Big Red Group has 24x return on ad spend through impact.com partnerships, a ‘significant portion’ of revenue; why falling consumer trust is actually an opportunity for brands
The past two years haven’t been easy for experience-based companies like Big Red Group. But it has survived – and thrived – by linking up with travel sites, apps, publishers, and some high-profile YouTube and Instagram influencers. As impact.com’s Ayaan Mohamud writes, strategic trading in consumer trust in the form of partnerships can deliver a deep halo effect and big revenue boosts for brands that do it well. And more and more are.
Cast your mind back to the 1990s, when the internet was in its infancy. The New Yorker cartoonist Peter Steiner created one of the world’s first viral memes about internet culture, when he drew a cartoon of a dog using a computer, accompanied by the caption: “On the internet, nobody knows you're a dog.”
At the time, we had a quick chuckle and moved on. But looking back with the benefit of hindsight, Steiner’s cartoon was a scarily accurate picture of things to come. The flipside of no one knowing you’re a dog is that it’s very hard to prove that you’re not a dog.
Over the last few years, political and social instability along with health crises, hacking events, and environmental fears have taken their toll on how much we’re willing to trust anyone, or anything, online. Consequently, consumers, readers, and followers are experiencing epidemic levels of distrust in brands, governments, publications, and institutions. Edelman’s 2021 Trust Barometer, for example, found that no media source is trusted for news and information by Australians.
With trust in advertising and media in freefall, traditional ads are no longer cutting it. Consumers, who have also grown tired of intrusive digital display ads with slow load times, are turning their backs on ads in droves. It’s little wonder that Gartner predicts that by 2024, 40 per cent of consumers will be able to trick behaviour tracking metrics into intentionally devaluing the personal data collected about them, making it difficult to monetise in the same way that advertisers, publishers, and tech giants do today.
However, while trust in traditional media and advertising is diminishing, trust itself is not lost; it's a complex and essential part of human life and it is constantly evolving. In its research study The trust imperative — New trust patterns will define the next decade, Forrester notes that: “Society isn’t suffering from a lack of trust; rather, individuals are constantly adjusting their trust. As people lose trust in organisations, they redirect that trust to other entities, which means trust is up for grabs — with customers, employees, and partners.”
Partnerships help create trust between brands and consumers
As human beings, we want to trust.

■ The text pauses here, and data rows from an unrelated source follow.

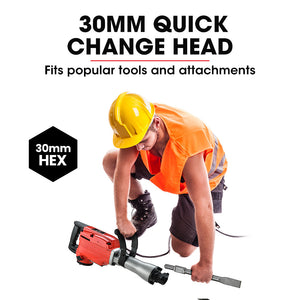 BAUMR-AG Electric Demolition Jackhammer | 2200W Pro-Grade | 3 Bonus Chisels | Steel Carry Case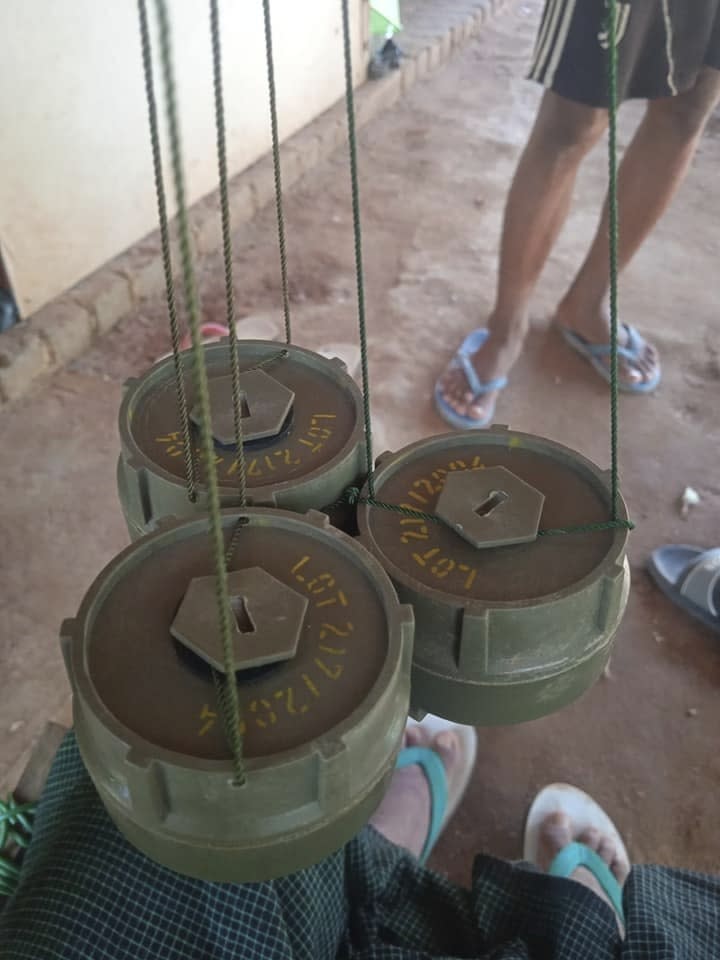 This photo provided by a militia operating in the region shows landmines which have been removed and collected by a local anti-military militia, the Myauk Yamar People’s Defense Force, near the Letpadaung copper mine area in the Salingyi Township of Sagaing region of Myanmar, on Aug. 19, 2022. The militia said they are going to reuse them to attack the government army. (Myauk Yamar People's Defense Force via AP)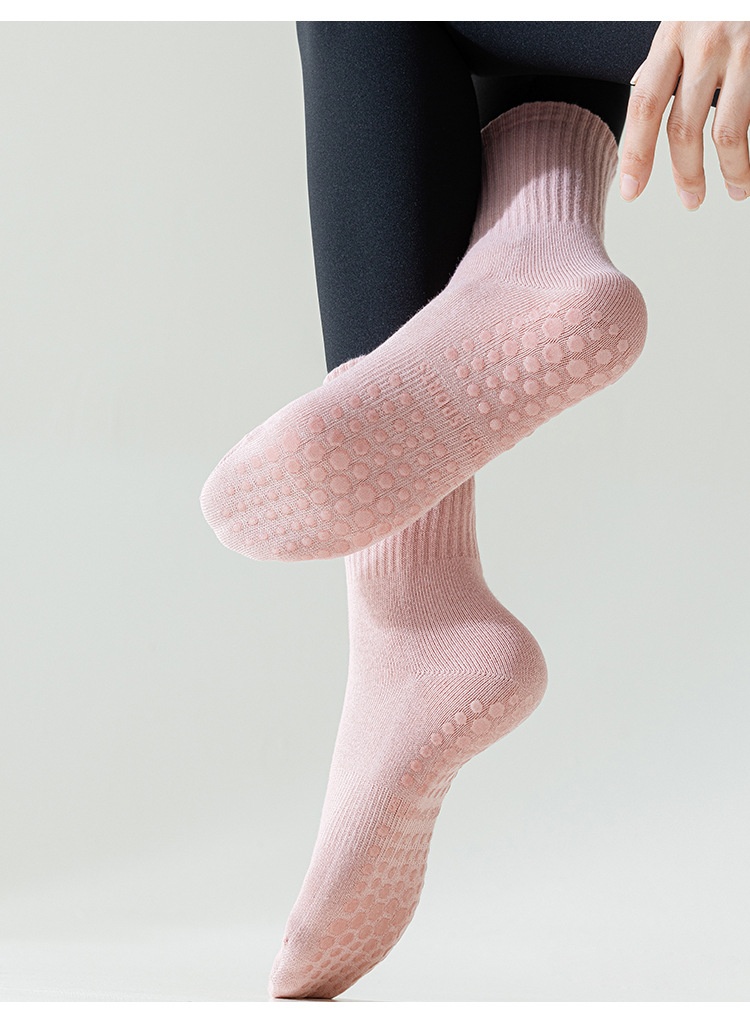 Chaussettes de sport professionnelles en pur coton, mi-mollet, pour femmes, idéales pour le yoga, l'automne et l'hiver. 001 Yoga, mi-mollet, fitness, danse, pilates, antidérapantes._voghion.com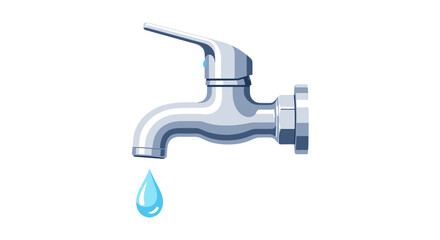 Chrome Faucet with Single Water Droplet.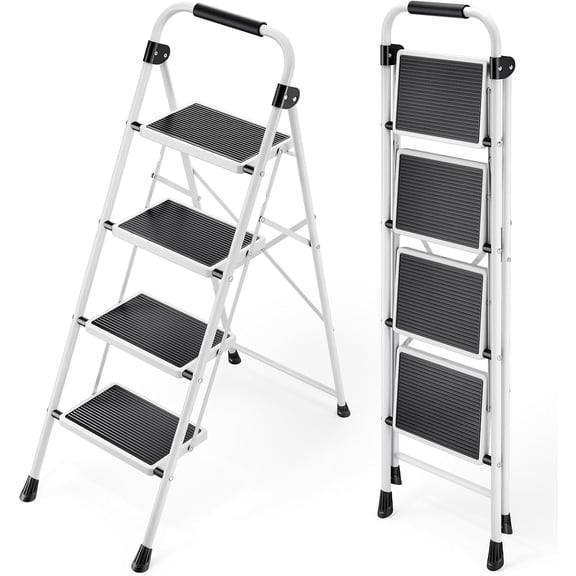edx 4-Step Folding Step Stool for Adults - 330 Lbs Capacity, Sturdy Steel Frame, Wide Non-Slip Pedal & Top Handrail, Lightweight Portable Ladder for Home Kitchen, Black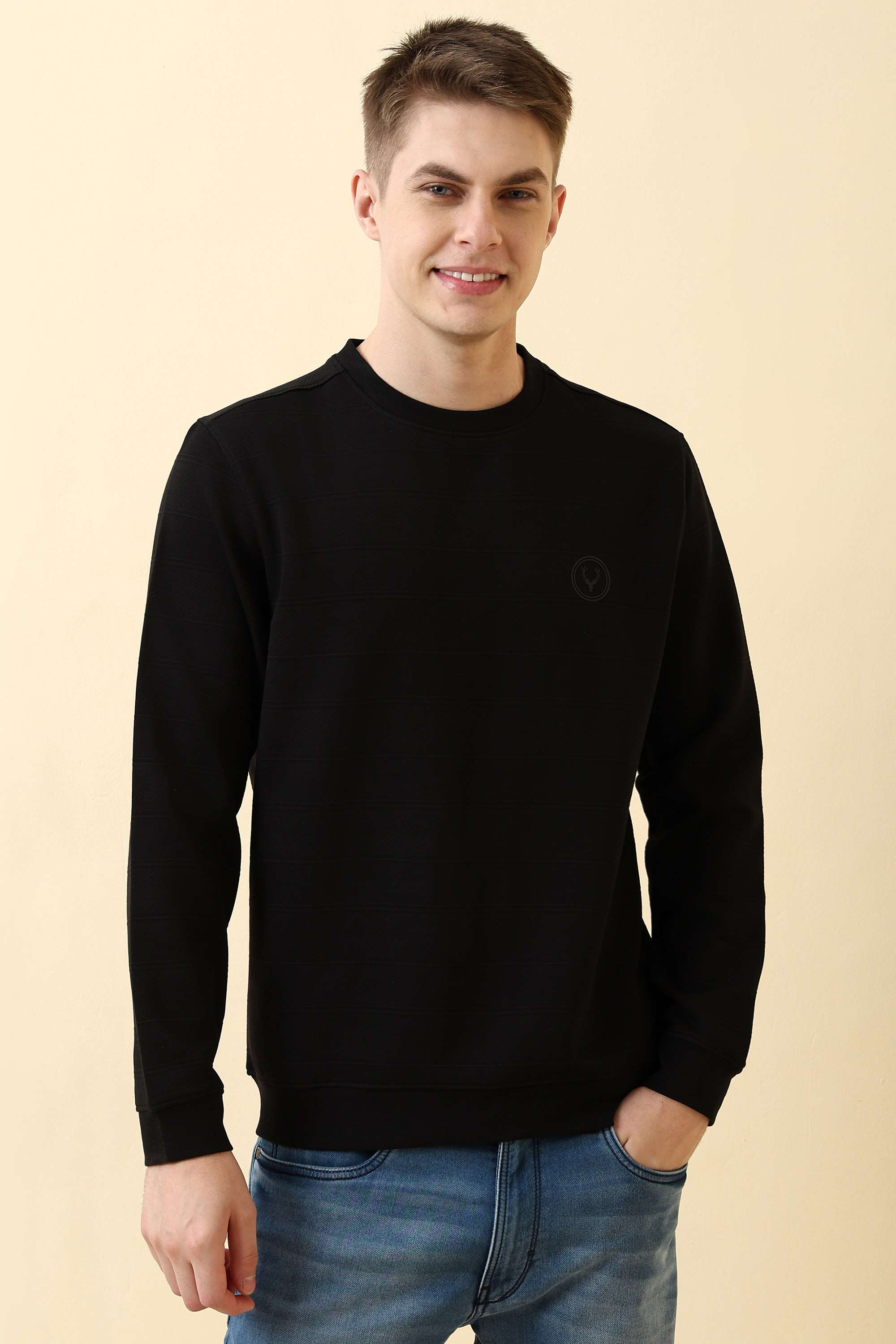 Solid-Polyester-Cotton-Round-Neck-Men-s-Sweatshirt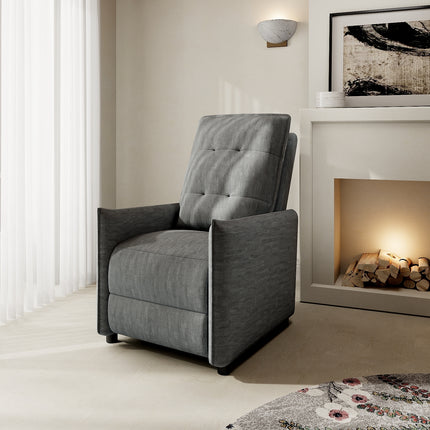 Chenille Fabric Recliner Chair for Adults - Manual Push Back Reclining Sofa with Sturdy Metal Frame, Overstuffed High-Density Foam, Adjustable Footrest for Living Room, Home Theater (Gray)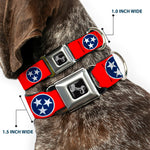 Dog Bone Seatbelt Buckle Collar - Tennessee Flag Stars Red/White/Blue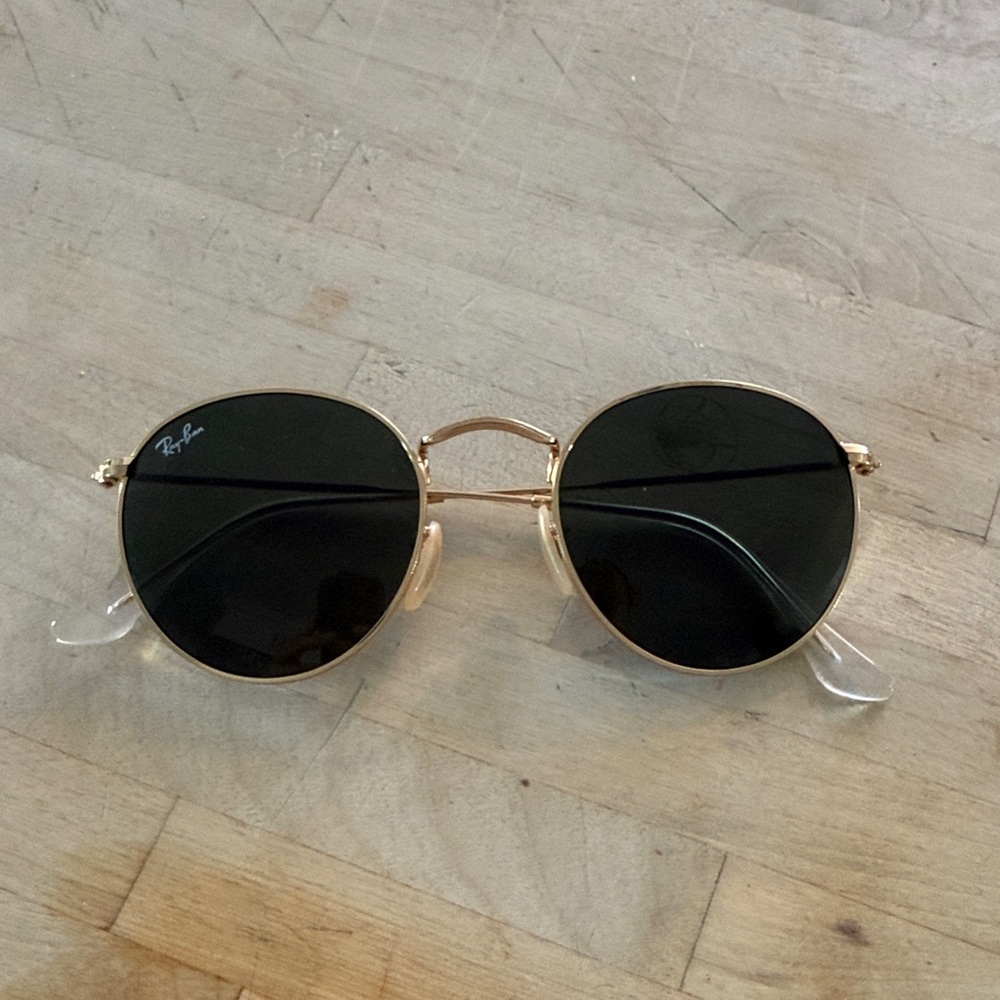 Ray-Ban Gold Frame Sunglasses with Black Lenses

Our brains are hardwired for it and we’re emotionally rewarded when we feel it. As such, trust itself cannot disappear - it simply moves to channels where customers feel they’re in control.
This is where partnerships come in. We’re seeing more brands create partnerships with sources of information consumers already trust. These could be anyone from individuals like influencers and content creators to organisations, publishers, or companies that consistently provide valuable information they believe and find helpful.
Consumers are now voracious content consumers. They do more research, read more blogs and look at more social media than ever before. We have access to peer reviews, product comparisons, and conversations about brands and products among influencers, opinion leaders, and publishers - all of which can help build trust.
Brands need to look beyond their own marketing or advertising strategies to find the people, places, institutions, and organisations in which consumers are willing to trust. If a brand can be talked about by trusted sources, they become a part of that mutually beneficial relationship that builds trust and loyalty from all sides.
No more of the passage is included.